Exercise description: Please reproduce the entries below exactly from the line holding "FULL SESSION: Vanessa" through the last line, both included, and omit any pictures.

Short text fragments from websites:
*** Begin section ***
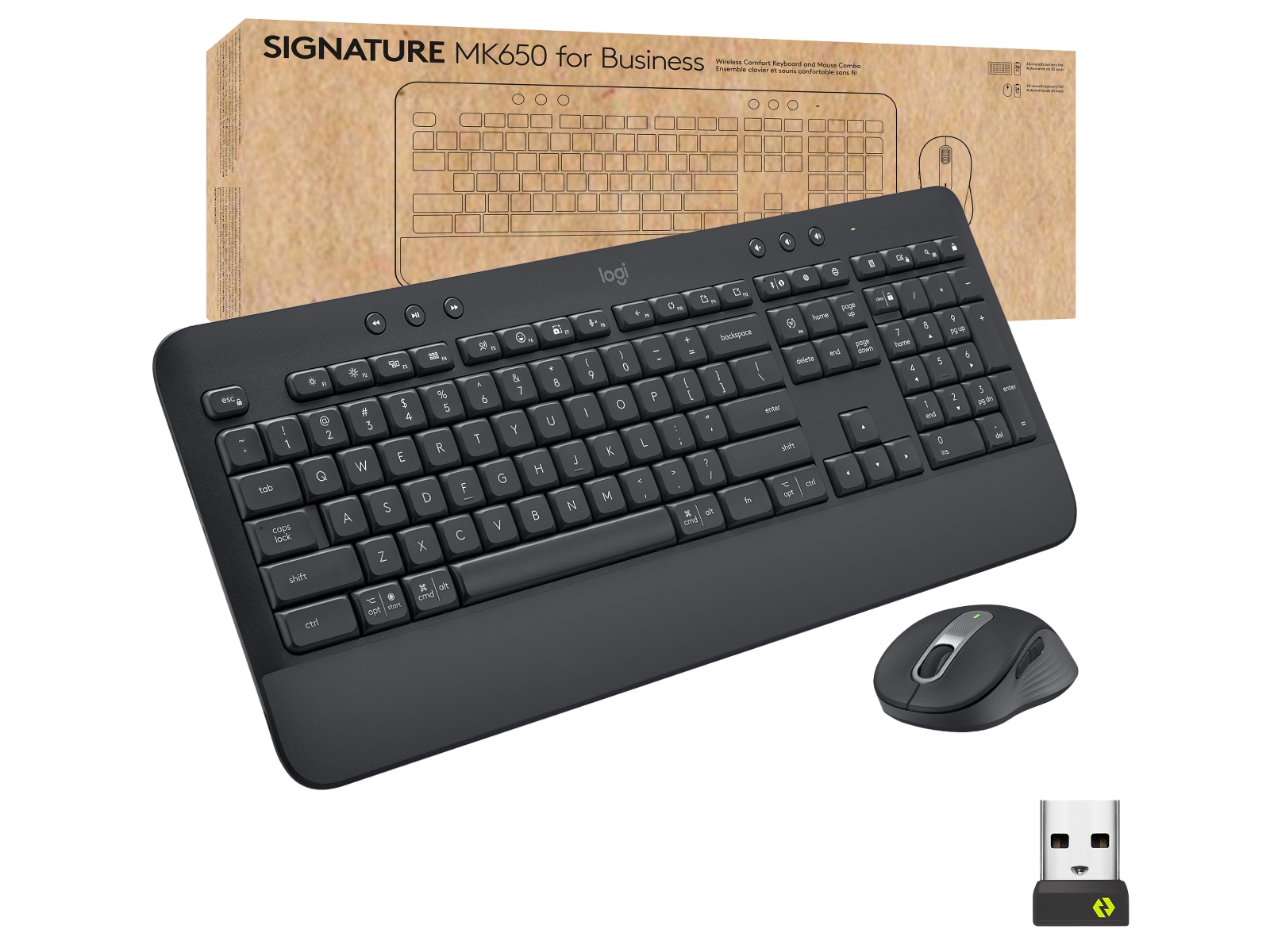 Produktbild för Logitech Signature MK650 Combo for Business (graphite)
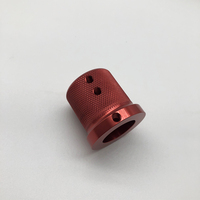 Precise Alignment CNC Machining OEM Aluminum Milling Drilling Turning Parts Red Shiny Precise Tolerance Custom Car Parts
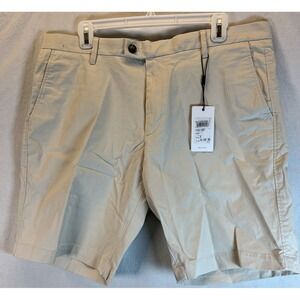 REISS Wicket Cotton Blend Chino Shorts, Flat Front Classic Stone‎ Size 36, BNWT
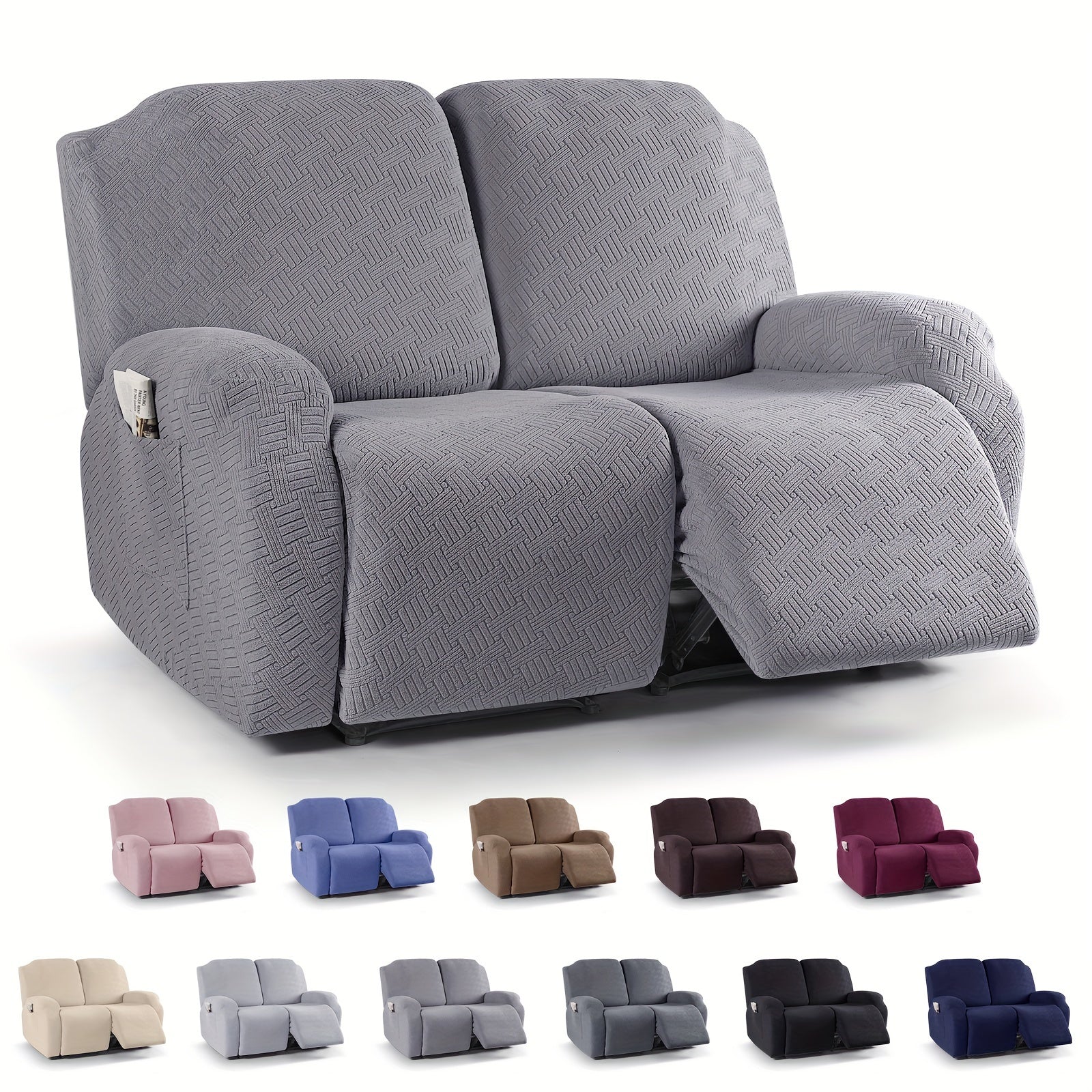 Decor Cedar Greyson Jacquard Recliner Cover lifestyle product image for jacquard recliner cover in United States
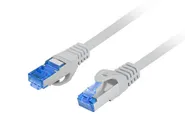 PATCHCORD CAT.6A S/FTP LSZH CCA 0.25M GREY FLUKE PASSED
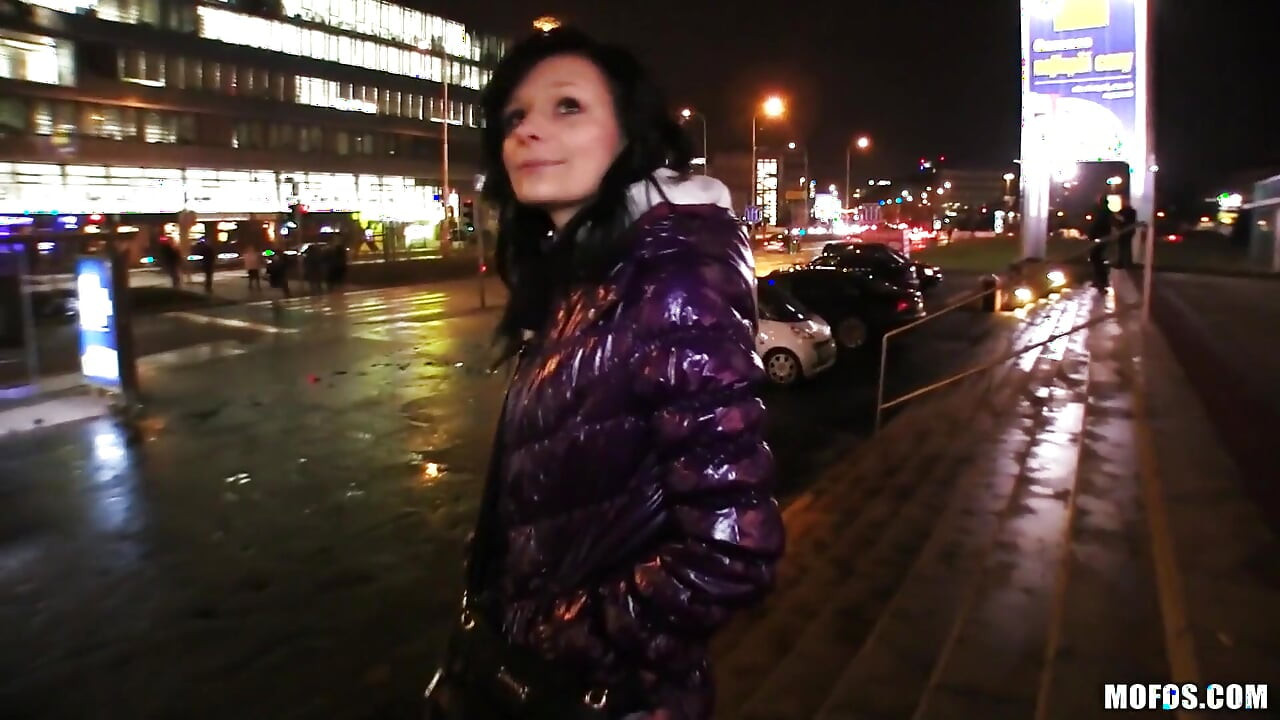 Public Pickups - Naughty Brunette Maja Gives Furious Blowjob POV Then Rides Martin for a Deep Creampie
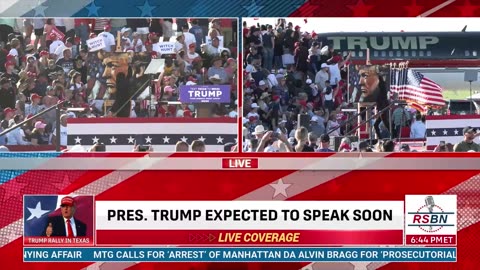 FULL SESSION: Vanessa Horabuena Painting a Portrait at President Trump Rally in WACO, TX- 3/25/23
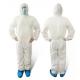 Cleanroom Disposable Protective Suit , Breathable Disposable Coveralls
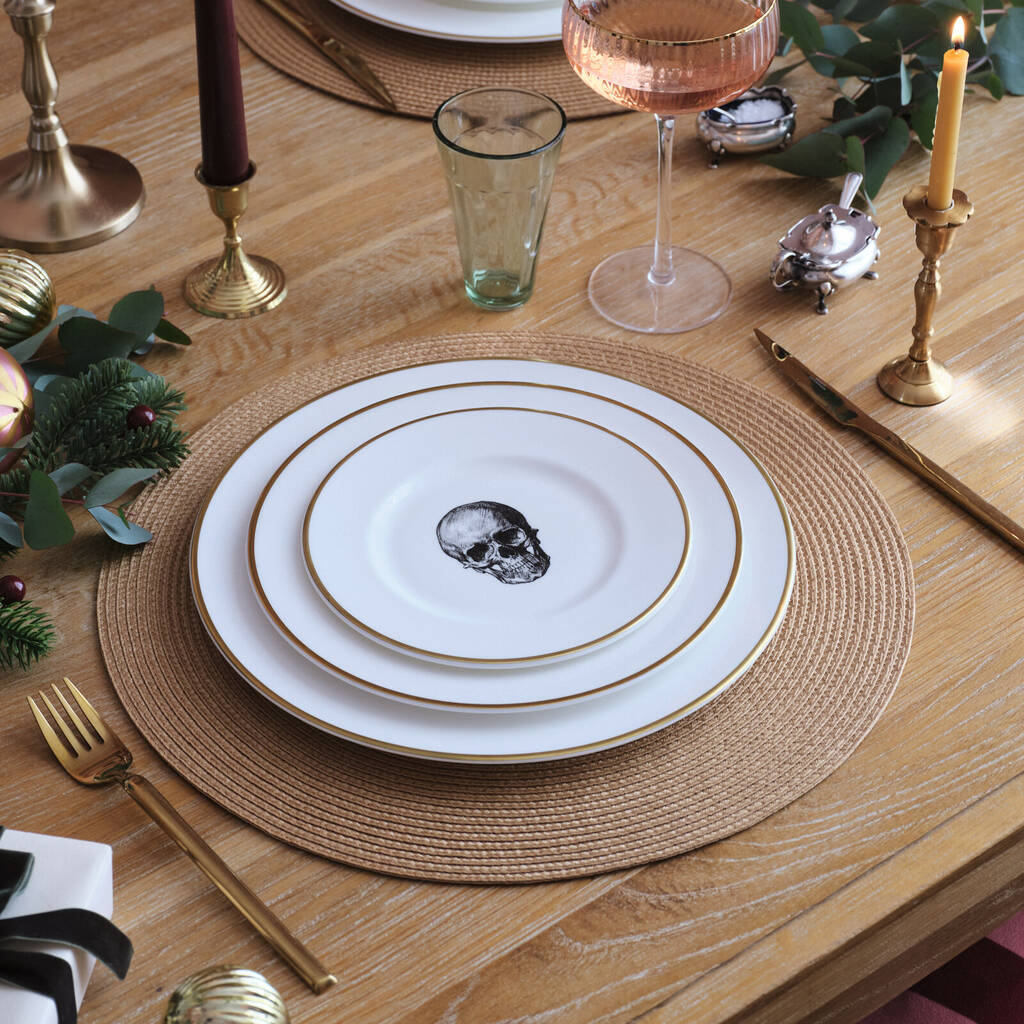 Skull Bone China Plate, 1 of 6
*** End section ***
Exercise output:
 FULL SESSION: Vanessa Horabuena Painting a Portrait at President Trump Rally in WACO, TX- 3/25/23
 Cleanroom Disposable Protective Suit , Breathable Disposable Coveralls
 Skull Bone China Plate, 1 of 6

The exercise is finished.